One of the notable things about the 1980s way of doing business was how front line workers weren’t valued for their skills and knowledge.
In call centres, shopping malls and government departments, those who dealt with customers were seen as an unnecessary expense who should be outsourced at the first opportunity or, if it wasn’t possible to hive them off, then encourage them to get more money out of the customer while providing less service.
An example of this was at electronic superstores where sales staff with little product knowledge were given rudimentary training and then encouraged to sell easy payment plans and expensive acccessories – the HDMI cable scam where connectors of dubious quality earned more profit and commission than the HiFi systems or plasma TVs they plugged into illustrated how lousy a deal this way of doing business for the customer.
Much of that mentality has been inherited by web2.0 companies that think customer service is an optional extra.
Some of those companies can’t even be bothered protecting their clients’ data properly, such is their unwillingness to provide service.

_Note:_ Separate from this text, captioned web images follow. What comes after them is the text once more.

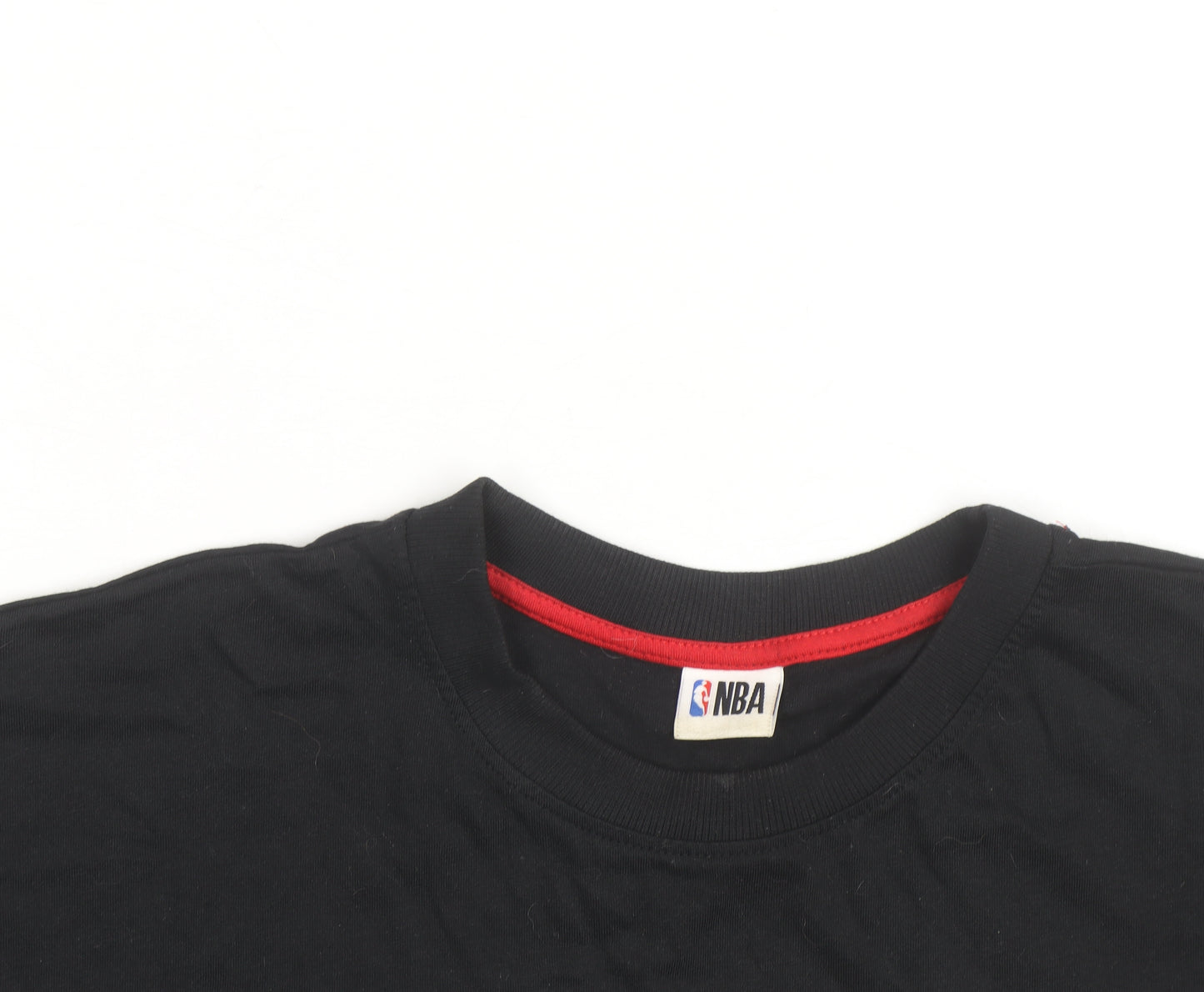 Primark NBA Chicago Bulls Womens Black Cropped T-Shirt 2XL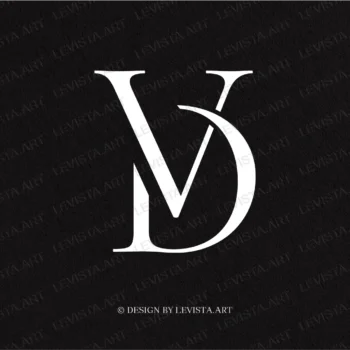 VD Premade monogram logo for wedding, business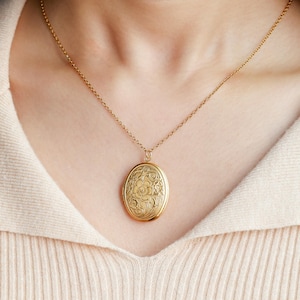 Collar con relicario vintage personalizado con foto, collar conmemorativo para mascotas, colgante con relicario para foto, recuerdo, regalo de Navidad, regalo de boda, regalo para ella.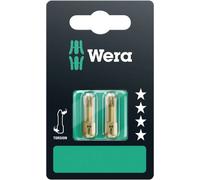 Embout cruciforme PZ 3 Wera 05073372001 Acier à outils extra-dur Forme (embouts): D 6.3 2 pc(s)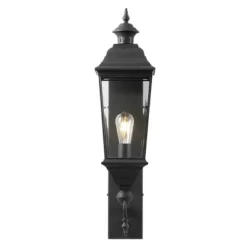 Braden Outdoor Wall Sconce - PLT4084 - Black - Safavieh -My home decor GUEST 1826f78f 31e3 4e89 aee5 9265cb6261fa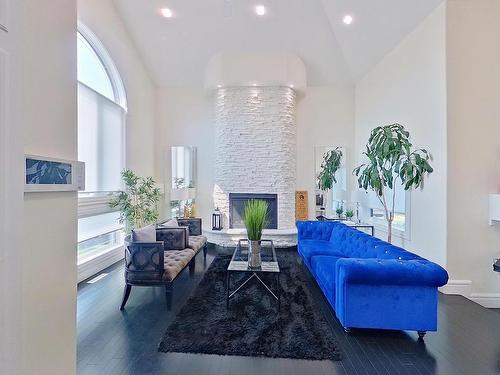 16611 9 St, Edmonton, AB - Indoor With Fireplace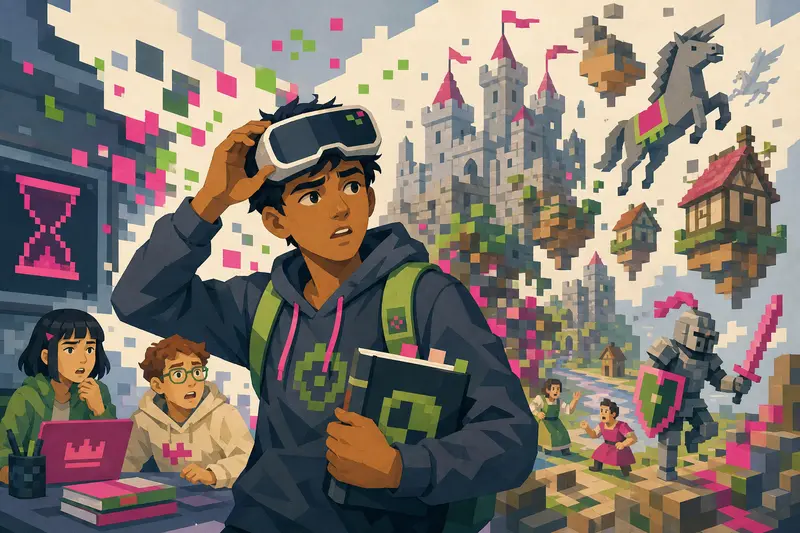 Cover illustration for Ctrl+Alt+Medieval, B1 Spanish story
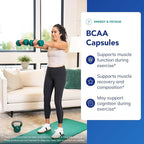 Pure Encapsulations BCAA Capsules | Hypoallergenic Supplement to Support Muscle Function During Exercise* | 250 Capsules
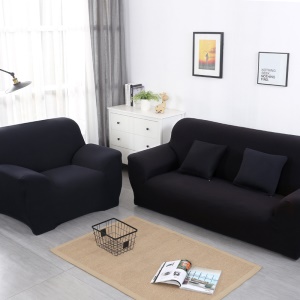 Housse de canapé extensible, antidérapante et à enveloppe complète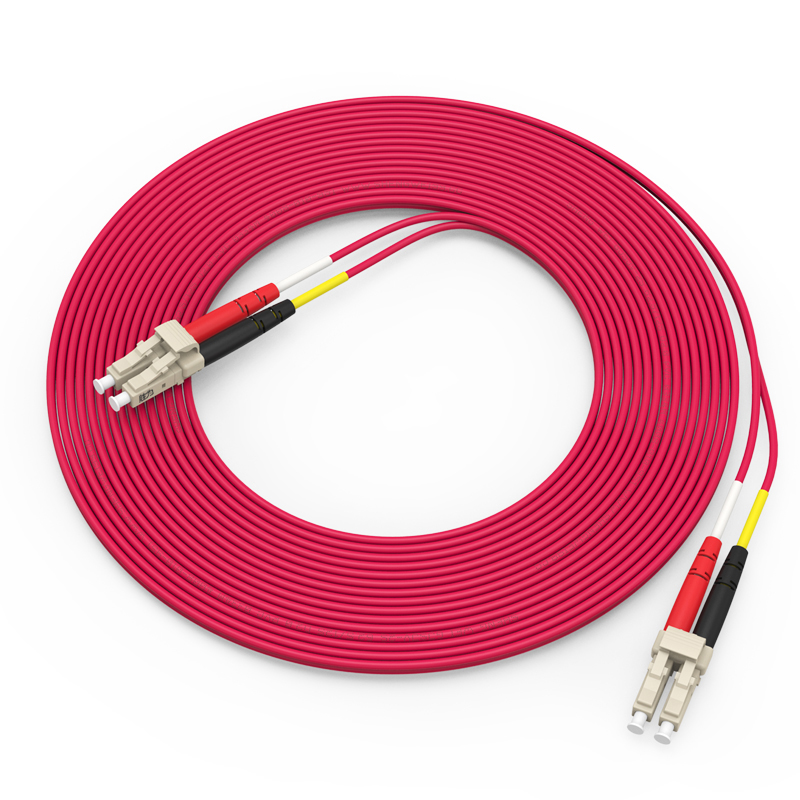 电信级铠装光纤跳线 LC-LC多模双芯防鼠咬室内抗拉尾纤缆 FMCK-1030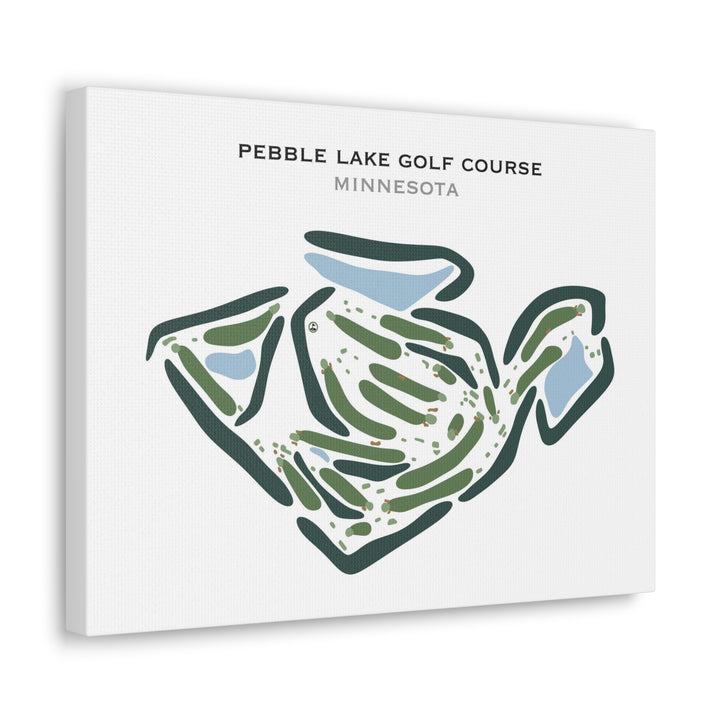 Pebble Lake Golf Course, Minnesota - Printed Golf Courses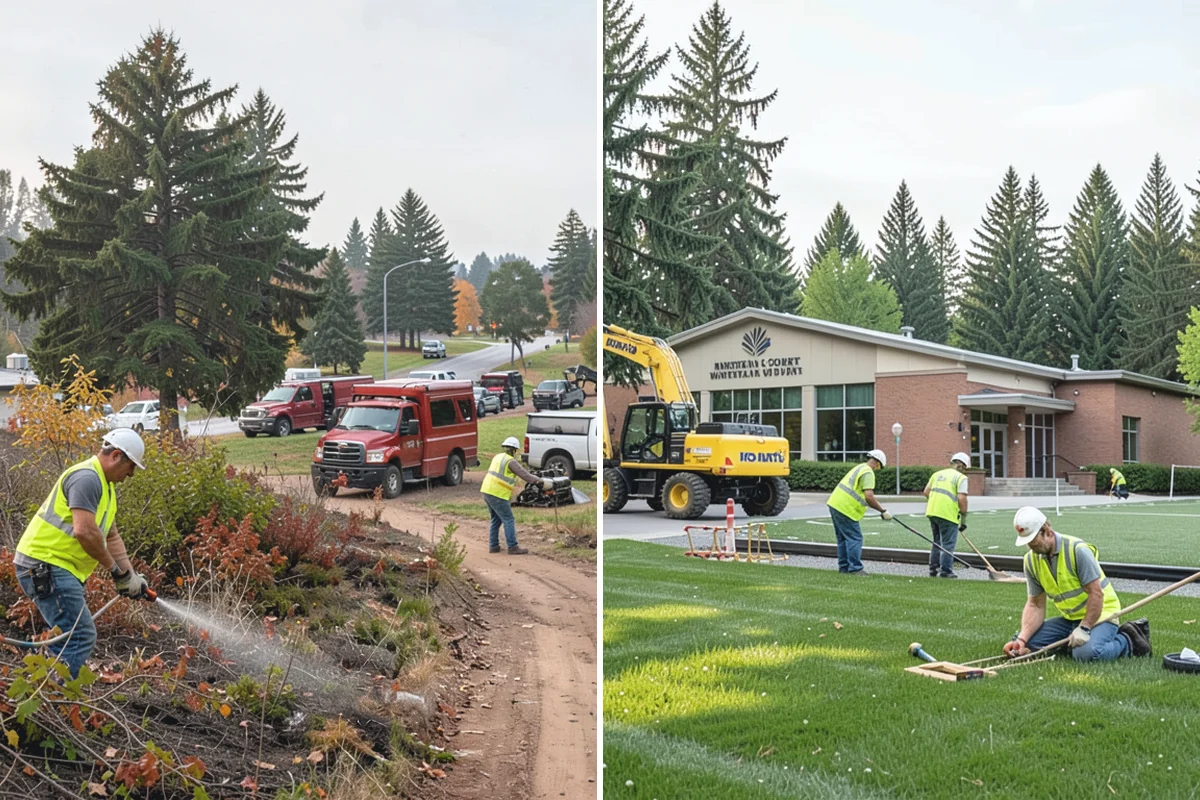 HOA Common Area Maintenance in Roy, Pierce County, WA - Tour the community with the board to define common-area boundaries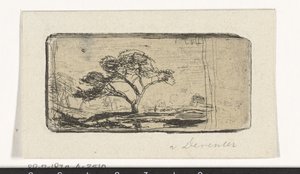 Landschap met boom door Jan Frederik van Deventer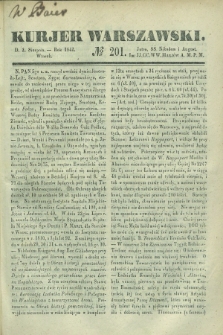 Kurjer Warszawski. 1842, № 201 (2 sierpnia)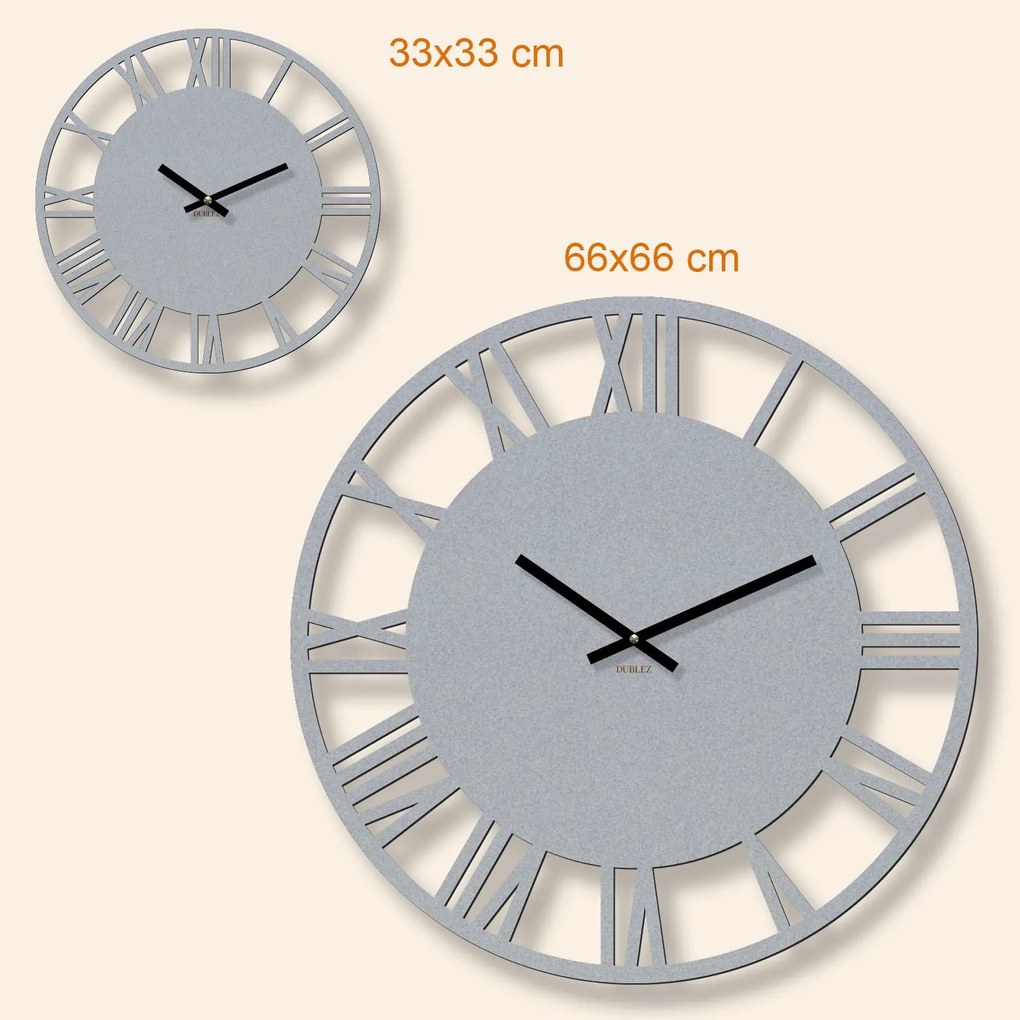 DUBLEZ | Ceas industrial din lemn pentru perete - Black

The stack ’em high, sell ’em cheap self service culture of the 1950s and 60s reached its limits in the 1980s and was only given a reprieve by the easy credit boom of the 1990s. With the end of the credit boom, electronic or household goods stores that simply sell cheap tat on interest free terms at a fat mark up without adding value now struggle.
Gerry Harvey is getting out of electronics partly for this reason – his business model is dead and it’s been difficult for a decade to make the fat profits on consumer computers or electricals without hooking the customers with interest free deals or expensive and pointless accessories or software.
One of the conceits of management through the last part of the Twentieth Century was the mantra “our greatest asset are our people”, today business have to start valuing the skills, knowledge and corporate memory of their workforces.